I’m a sucker for a happy ending. Unfortunately, some of my favorite literary characters don’t get that happy ending, whether it’s because they themselves are heartbreakers or because the story they have been written into is literally heartbreaking (sometimes, it’s a little bit of both). But whether it’s the character or the author that breaks our heart, we have to admit they are impossible to forget.
Here are five heartbreakers and five heartbreaking stories that we can’t seem to quit.
George Wickham from Jane Austen’s Pride and Prejudice—He may have all the appearance of goodness, but looks can be deceiving.
Rhett Butler from Margaret Mitchell’s Gone with the Wind—Heartbreaker or heartbroken? He may be a little of both, but he don’t give a damn.
Hamlet from William Shakespeare’s Hamlet—His intentions may be noble, but his actions will drive you mad.
John Willoughby from Jane Austen’s Sense and Sensibility—Trapped by that age-old question: for love or money? He chose poorly.
Dorian Gray from Oscar Wilde’s The Portrait of Dorian Gray—Forget Sybil and Basil; he literally stabs himself in the heart.
Romeo and Juliet, by William Shakespeare—I blame the friar.
A Tale of Two Cities, by Charles Dickens—Well, that’s one way to solve a love triangle.
Never Let Me Go, by Kazuo Ishiguro—Raising children to be organ donors? There was no way this story was going to end well.
The Fault in our Stars, by John Green—Okay. (sniff sniff)

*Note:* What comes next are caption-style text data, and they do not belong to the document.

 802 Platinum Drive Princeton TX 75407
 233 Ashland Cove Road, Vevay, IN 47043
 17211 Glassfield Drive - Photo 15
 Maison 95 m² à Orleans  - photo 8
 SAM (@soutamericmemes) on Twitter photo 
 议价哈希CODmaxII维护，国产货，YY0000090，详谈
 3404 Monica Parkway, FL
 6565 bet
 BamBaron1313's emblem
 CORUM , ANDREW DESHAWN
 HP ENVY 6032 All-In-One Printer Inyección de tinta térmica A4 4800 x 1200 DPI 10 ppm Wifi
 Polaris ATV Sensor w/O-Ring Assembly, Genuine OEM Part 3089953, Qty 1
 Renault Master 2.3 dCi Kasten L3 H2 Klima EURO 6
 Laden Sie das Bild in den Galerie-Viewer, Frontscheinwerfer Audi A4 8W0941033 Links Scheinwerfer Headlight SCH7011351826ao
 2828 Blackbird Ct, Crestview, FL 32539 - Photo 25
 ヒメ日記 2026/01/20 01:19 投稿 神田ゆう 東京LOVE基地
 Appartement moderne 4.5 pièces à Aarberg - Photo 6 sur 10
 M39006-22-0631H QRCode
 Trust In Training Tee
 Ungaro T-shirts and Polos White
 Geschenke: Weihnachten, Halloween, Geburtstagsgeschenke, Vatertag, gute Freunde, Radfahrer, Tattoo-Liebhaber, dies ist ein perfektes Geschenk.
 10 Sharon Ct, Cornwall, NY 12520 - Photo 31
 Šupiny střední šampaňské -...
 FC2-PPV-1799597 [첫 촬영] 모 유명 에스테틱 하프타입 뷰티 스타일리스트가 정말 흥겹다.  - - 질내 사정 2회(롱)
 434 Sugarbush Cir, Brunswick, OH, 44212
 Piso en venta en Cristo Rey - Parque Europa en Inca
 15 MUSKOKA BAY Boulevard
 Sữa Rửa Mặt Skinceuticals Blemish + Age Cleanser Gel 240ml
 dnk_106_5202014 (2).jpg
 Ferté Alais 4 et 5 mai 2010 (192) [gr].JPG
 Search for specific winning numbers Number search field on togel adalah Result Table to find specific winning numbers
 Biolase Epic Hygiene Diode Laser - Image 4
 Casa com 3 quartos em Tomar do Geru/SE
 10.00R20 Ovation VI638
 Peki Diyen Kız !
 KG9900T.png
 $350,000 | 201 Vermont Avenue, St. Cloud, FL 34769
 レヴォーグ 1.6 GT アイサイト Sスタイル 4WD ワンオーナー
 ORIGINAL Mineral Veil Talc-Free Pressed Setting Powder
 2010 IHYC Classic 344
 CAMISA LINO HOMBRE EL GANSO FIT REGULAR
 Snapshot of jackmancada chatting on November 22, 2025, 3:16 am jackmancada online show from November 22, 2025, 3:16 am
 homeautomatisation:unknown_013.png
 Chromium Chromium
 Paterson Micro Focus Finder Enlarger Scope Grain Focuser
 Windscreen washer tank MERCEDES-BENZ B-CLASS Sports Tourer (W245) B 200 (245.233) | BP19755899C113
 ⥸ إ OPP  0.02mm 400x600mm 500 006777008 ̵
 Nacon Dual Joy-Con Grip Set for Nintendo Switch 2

Me Before You, by Jojo Moyes—Please tell me the sequel has a happy ending. I’m scared to read it.
Oscar Wilde said “the heart was made to be broken,” but I think I’m going to hop over to our 10 Heartthrobs of Literature blog before I start crying. I could use a good Fitzwilliam Darcy or Edward Rochester fix after all this heartbreak.
So, What heartbreakers or heartbreaking love stories are your favorites?